Baginya, mengikuti Seleknas bukan sekadar ambisi pribadi, tapi bentuk balas budi pada pelatih, klub, dan kampung halaman. “Saya tahu, kami berangkat tanpa dukungan pemerintah. Tapi kami akan bertarung bukan untuk mereka. Kami bertarung untuk keluarga kami, pelatih kami, dan masyarakat Sulsel,” ujarnya.
Diskriminasi dalam Anggaran, Diam dalam Prestasi
Kritik yang paling keras datang ketika Harpen menyentil soal diskriminasi dalam alokasi anggaran pembinaan olahraga di Sulsel. Ia tidak menyebut langsung cabang olahraga mana yang mendapat prioritas, tapi menyiratkan bahwa tinju bukan bagian dari ‘olahraga kesayangan’ pemerintah daerah.
“Kalau sudah jadi juara, semua datang menepuk bahu. Tapi saat mau berangkat, semua pura-pura tidak tahu.

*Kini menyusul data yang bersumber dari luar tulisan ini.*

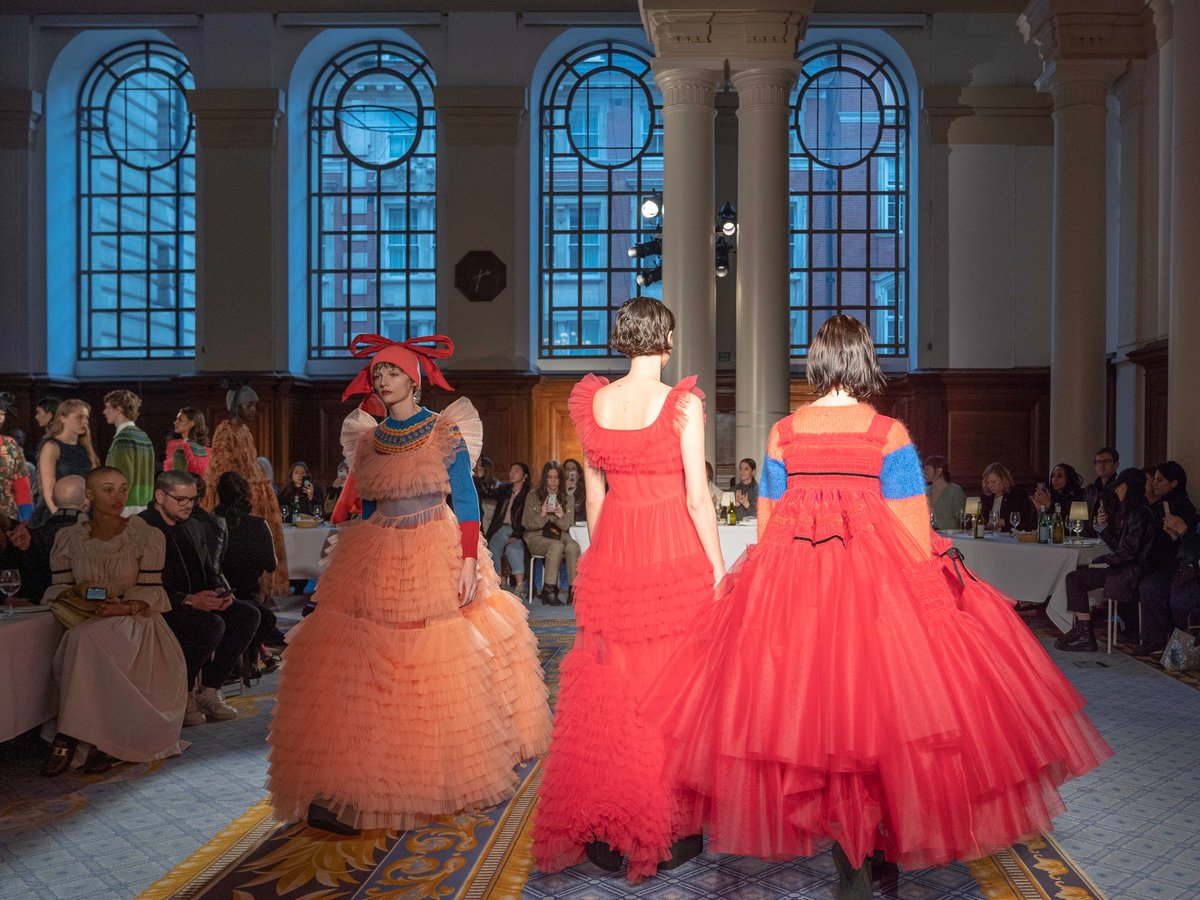 Molly Goddard 2020-21年秋冬 | ロンドン | 画像36枚 - FASHIONSNAP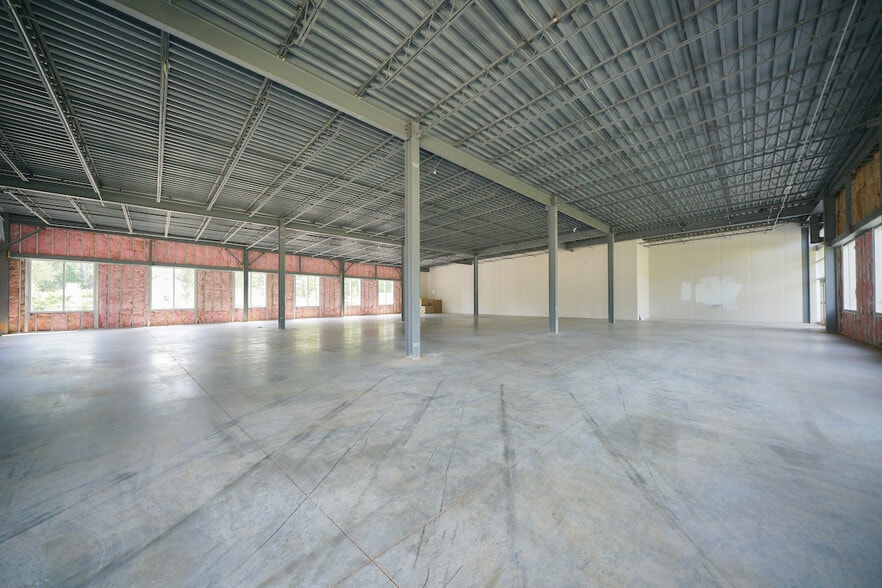 More Photos Of 4348 Statesville Rd, Charlotte Flex For Lease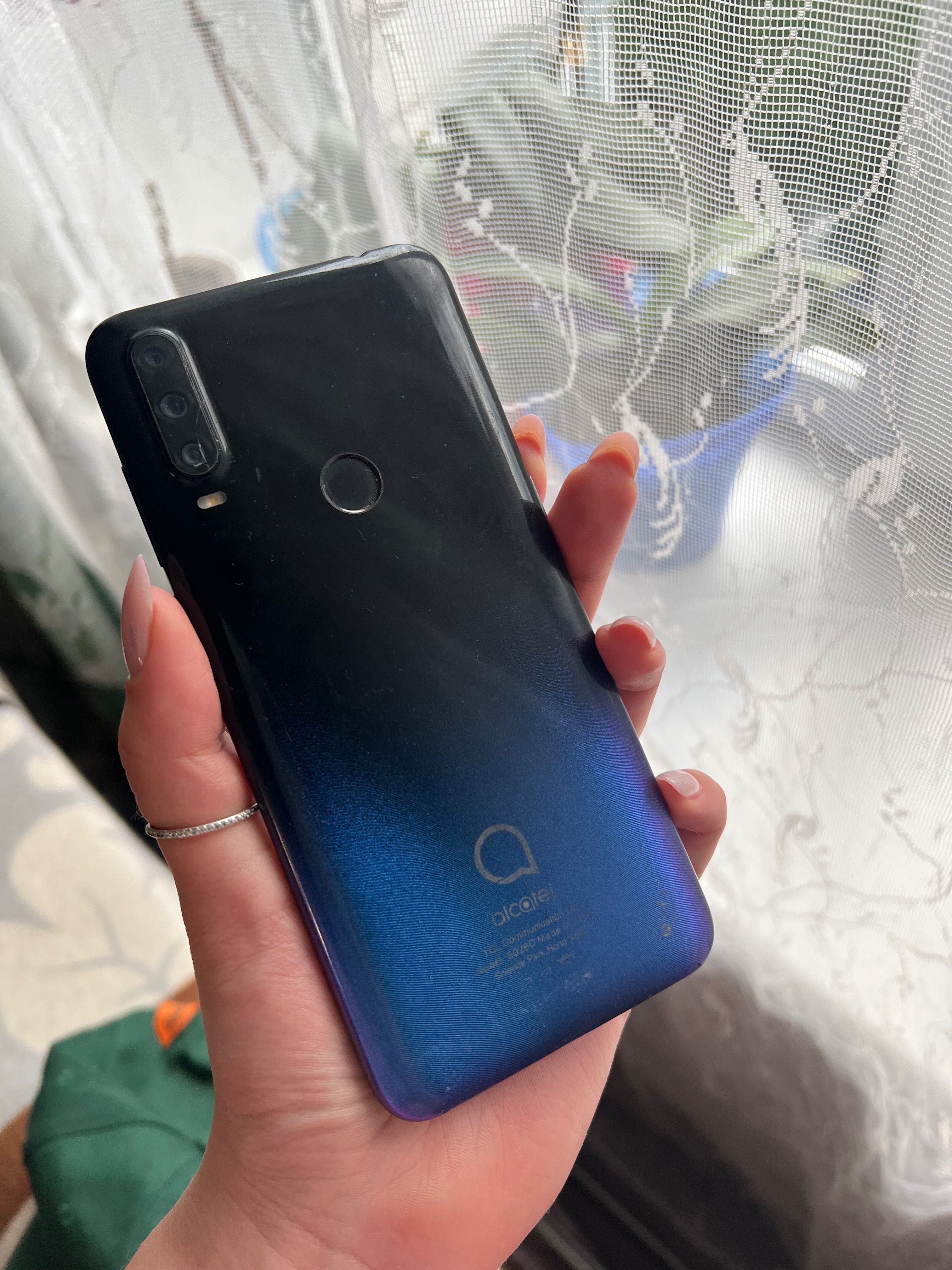 Телефон Alcatel 3L 2020
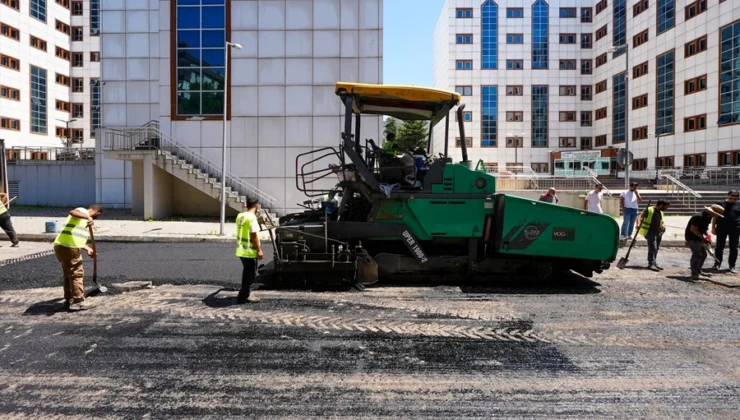 İstanbul Maltepe’de Asfalt Serim Çalışmaları Sürüyor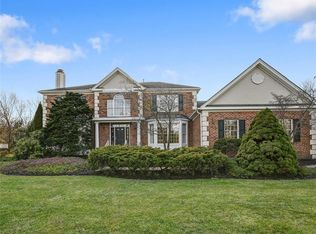 6 Perrine Ln, Cranbury, NJ 08512
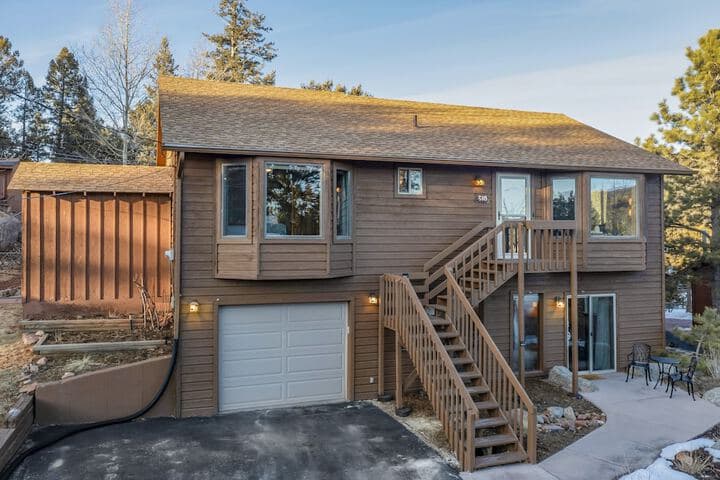 Cedar Chalet photo 3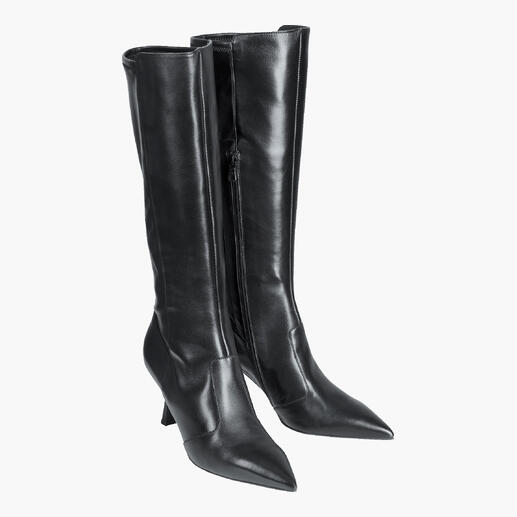 Bottes en cuir stretch noires avec tige haute et talon pointu.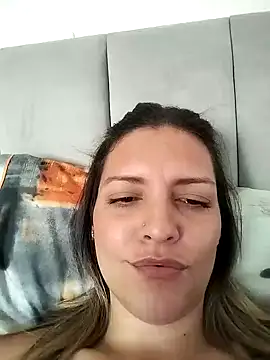 Mia Hampton online show from 01/21/25, 09:57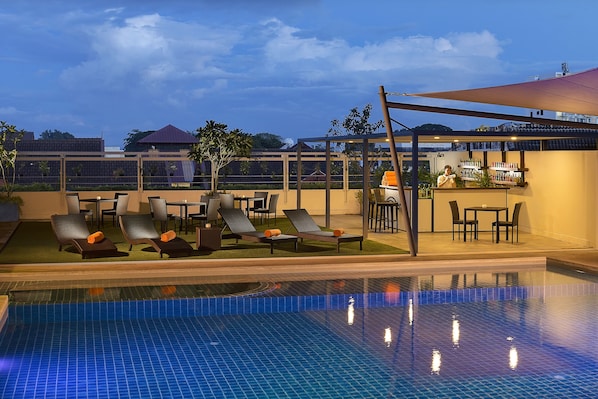 Outdoor pool, pool umbrellas, sun loungers
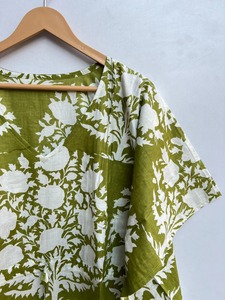 Vestido Kaftan Indio Hecho a Mano 100% Algodón Orgánico con Cuello en V, Estampado Floral, Largo hasta la Rodilla, Túnica India, Ropa de Fiesta de Verano, Vestido Largo para Mujer - Product Image 2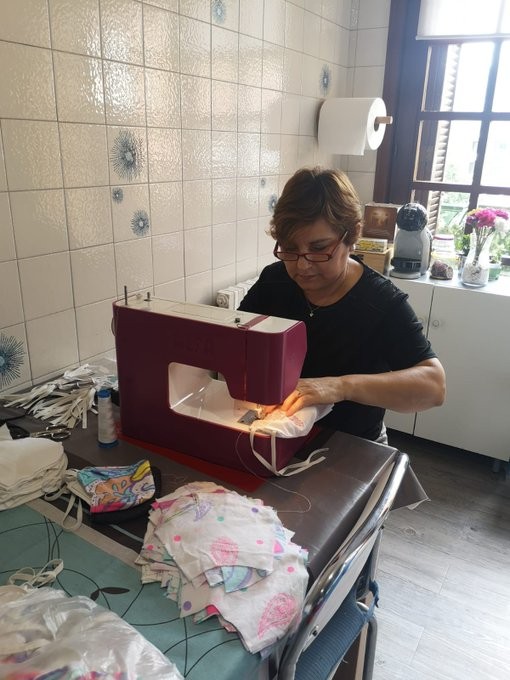 Herriko jostunek egindako maskarak banatuko dira gaur arratsaldean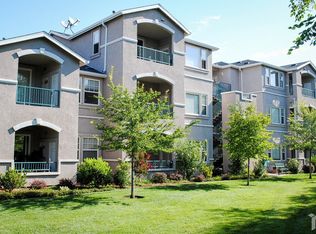 Sterling Oaks Luxury Apartments, Chico, CA 95928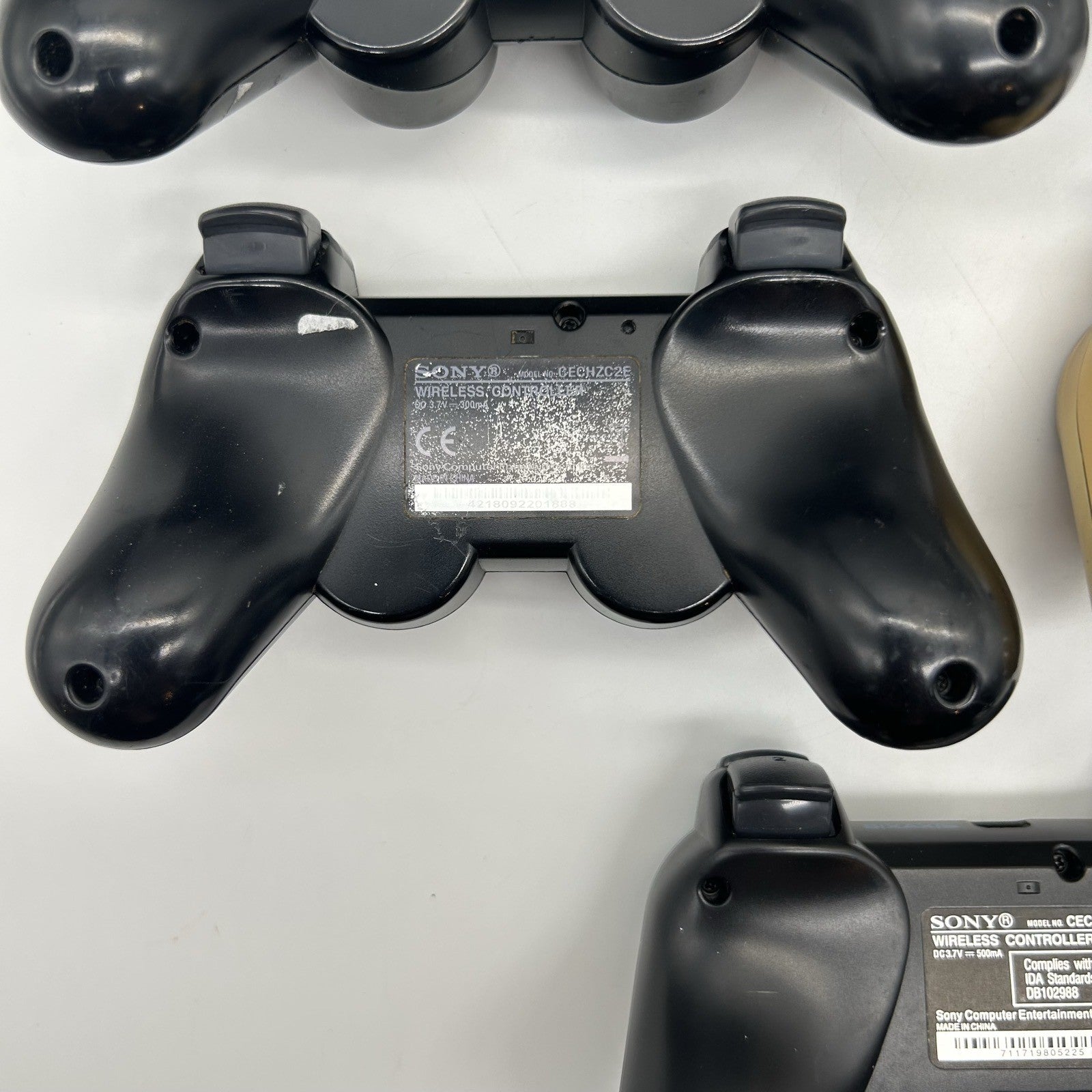 Lotto 9 Controller PS3 Sony DualShock 3 Sixaxis PER RICAMBI Non Funzionanti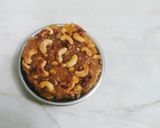A picture of step 7 of Sabhudana Halwa.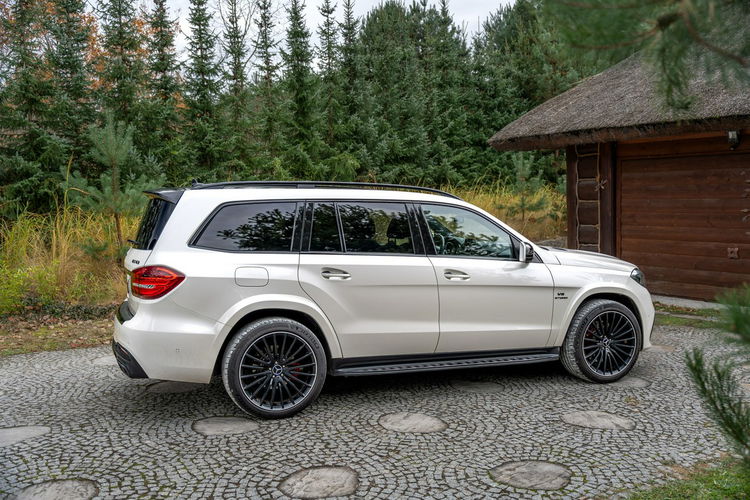 Mercedes GLS Klasa 63 AMG / 5.5 V8 585KM / Oryginał / 2kpl kół / Japonia / Bezwypadkowy zdjęcie 17
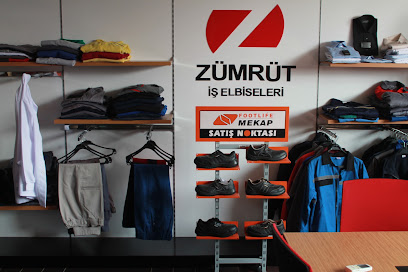 Öz Zümrüt kapak görseli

Ini sistem yang harus kita ubah,” ujarnya.
Harpen berharap momentum SEA Games 2025 ini membuka mata banyak pihak bahwa prestasi bukan datang dari ruang rapat, melainkan dari ring latihan yang keras, peluh, dan darah.
“Kalau negara tak bisa hadir membantu, setidaknya jangan jadi penghalang,” ucapnya.